We can also compute several interval scores at once.

[3]:
score.evaluate([[0, 5, 10], [10, 12, 30], [60, 69, 71]])
[3]:
array([[0.30029151],
       [0.42547556],
       [0.30441832]])

The computational bottleneck of change detection algorithms is to evaluate an interval score over a large number of intervals and possible splits. In Skchange, this is solved as follows:

  • In fit, relevant quantities are precomputed to speed up the cost evaluations.

  • In evaluate, numba is leveraged to efficiently evaluate many interval-split-pairs in one call.

Moreover, costs can always be used to construct a change score by the following formula:

score.evaluate([start, split, end]) = cost.evaluate([start, end]) - (cost.evaluate([start, split]) + cost.evaluate([split, end]))

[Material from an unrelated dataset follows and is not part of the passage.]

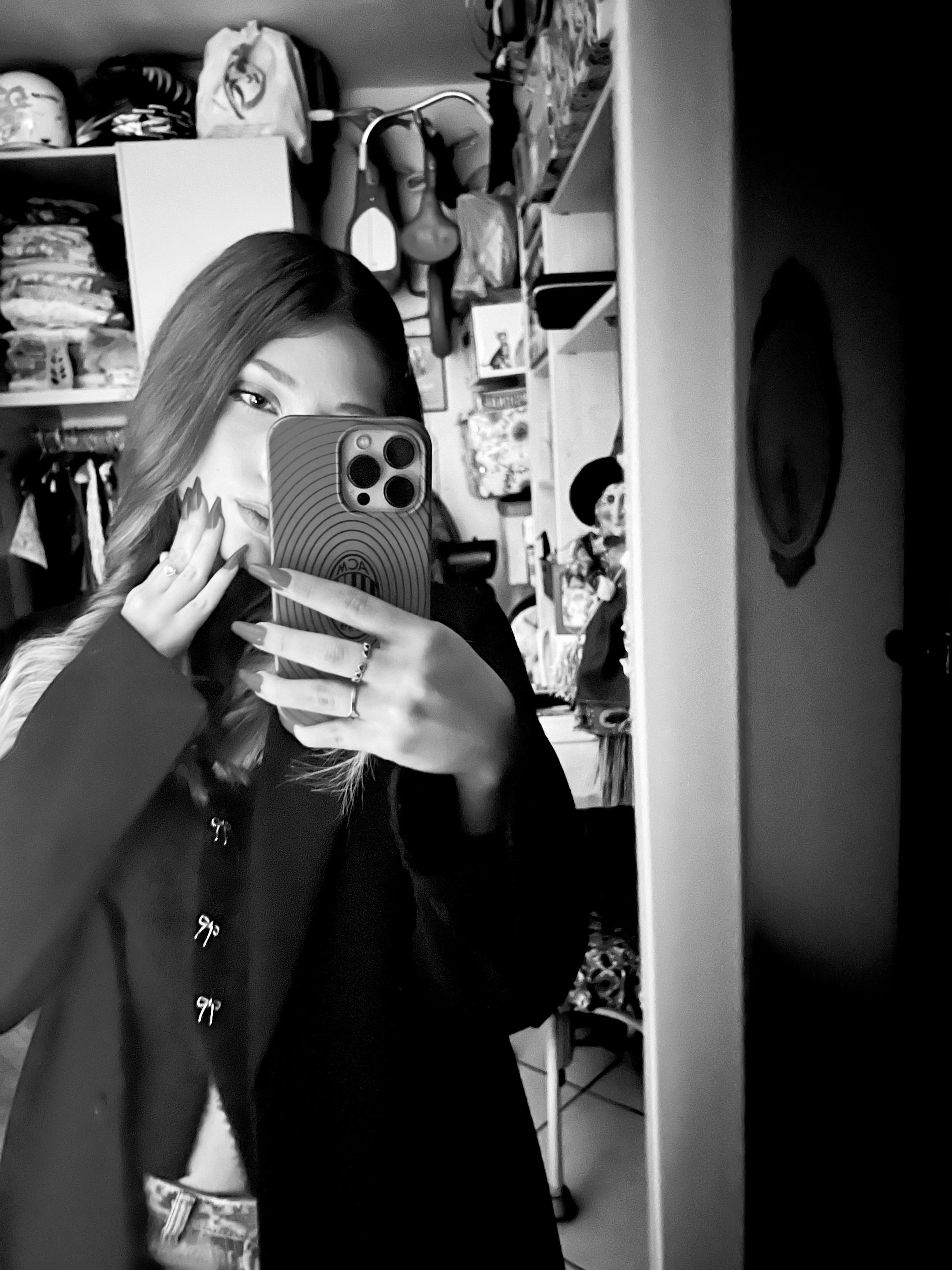 @𝐷𝑒𝑠𝑖𝑟𝑒𝑒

You can read this formula as “score = cost of the interval without a change point - cost of the interval with a single change point”

This means that you can always pass a cost to a change detector, even the ones that expects change scores, because it is converted to a change score internally.

At the same time, we also support change scores that can not be reduced to costs. This is different from e.g. the ruptures library. There are quite a few important scores that can not be reduced to costs, such as the Mann-Whitney U test, the Kolmogorov-Smirnov test, as well as scores for sparse change detection.